Secara etimologis, talak berarti melepas ikatan talak berasal dari kata iṭla’q yang berarti melepaskan atau meninggalkan. Dalam terminologi syariat, talak berarti memutuskan atau membatalkan ikatan pernikahan, baik pemutusan itu terjadi pada masa kini (jika talak itu berupa talak bain) maupun pada masa mendatang, yakni setelah iddah (jika talak berupa talak raj’i) dengan menggunakan lafadz tertentu. Di lihat dari konteks yang melatar belakanginya, hukum-hukum talak adalah sebagai berikut:
- Wajib jika terjadi konflik antar pasangan suami-istri, hakim menugaskan mediator dua orang mediator untuk menilai situasi konflik tersebut. Lalu, kedua mediator itu merekomendasikan bahwa sepasang suami-istri tersebut tidak harus bercerai. Maka suami harus tidak menceraikan istrinya.

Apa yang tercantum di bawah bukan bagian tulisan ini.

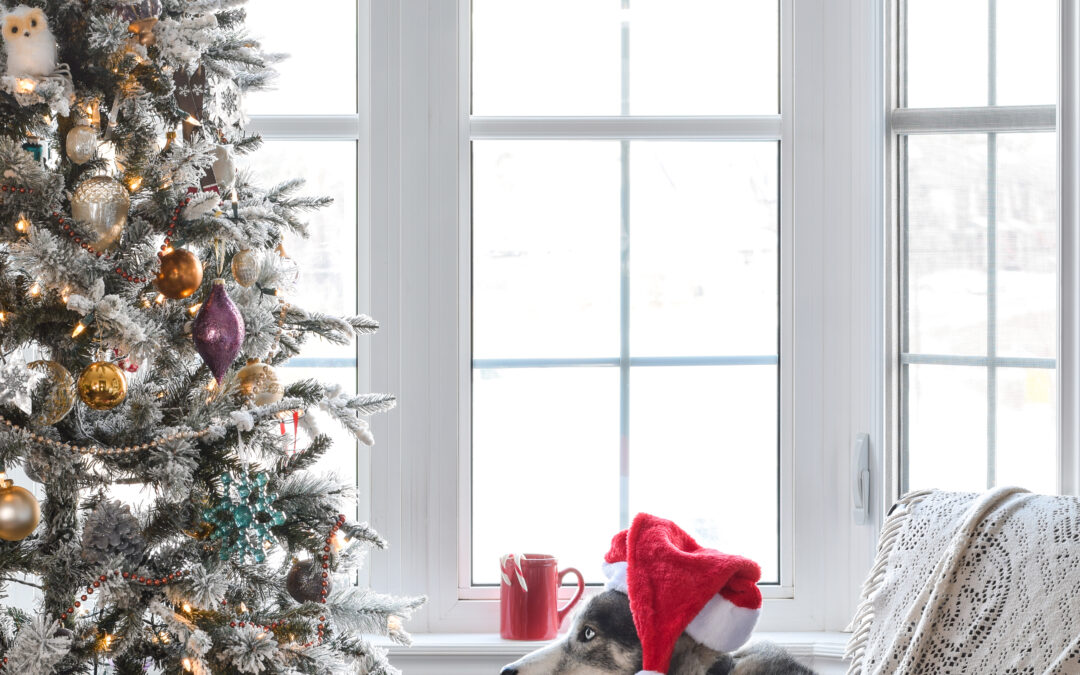 Free Delivery Across Canada: Treat Local, Save Time, Spoil Your Pet!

- Sunnah seorang suami tidak dianjurkan untuk melakukan talak dalam kondisi ketika istrinya kerap tidak menjalankan ibadah-ibadah wajib, namun suami harus selalu mengingatkan istrinya untuk menjalankan ibadah, shalat wajib, serta ada kemungkinan memaksa istrinya itu melakukan kewajiban-kewajiban tersebut. Talak juga sunnah dilakukan ketika istri tidak bisa menjaga diri dari perbuatan-perbuatan maksiat.
- Mubah, talak boleh dilakukan dalam kondisi ketika suami memiliki istri yang buruk perangainya, kasar tingkah lakunya, atau tidak bisa diharapkan menjadi partner yang ideal guna mencapai tujuan-tujuan pernikahan. Makruh bila dilakukan tanpa alasan yang kuat serta tidak dapat dibuktikan atau ketika hubungan suami-istri baik-baik saja.

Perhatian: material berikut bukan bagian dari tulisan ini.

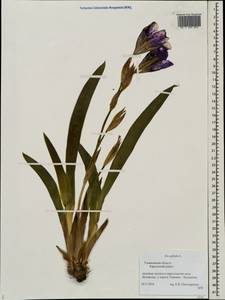 Iris aphylla L., Eastern Europe, Middle Volga region (E8) (Russia)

- Haram apabila seorang istri di ceraikan dalam keadaan haid, atau keadaan suci dalam keadaan ketika ia telah disetubuhi didalam masa suci tersebut. Dan juga atas keinginan, kehendak tekanan, intervensi, penindasan orang lain atau keturunan sedarah dengang bukti-bukti yang di buat-buat dan bukan Kejadian Kronologis yang sebenarnya kejadian tertulis Terpercaya.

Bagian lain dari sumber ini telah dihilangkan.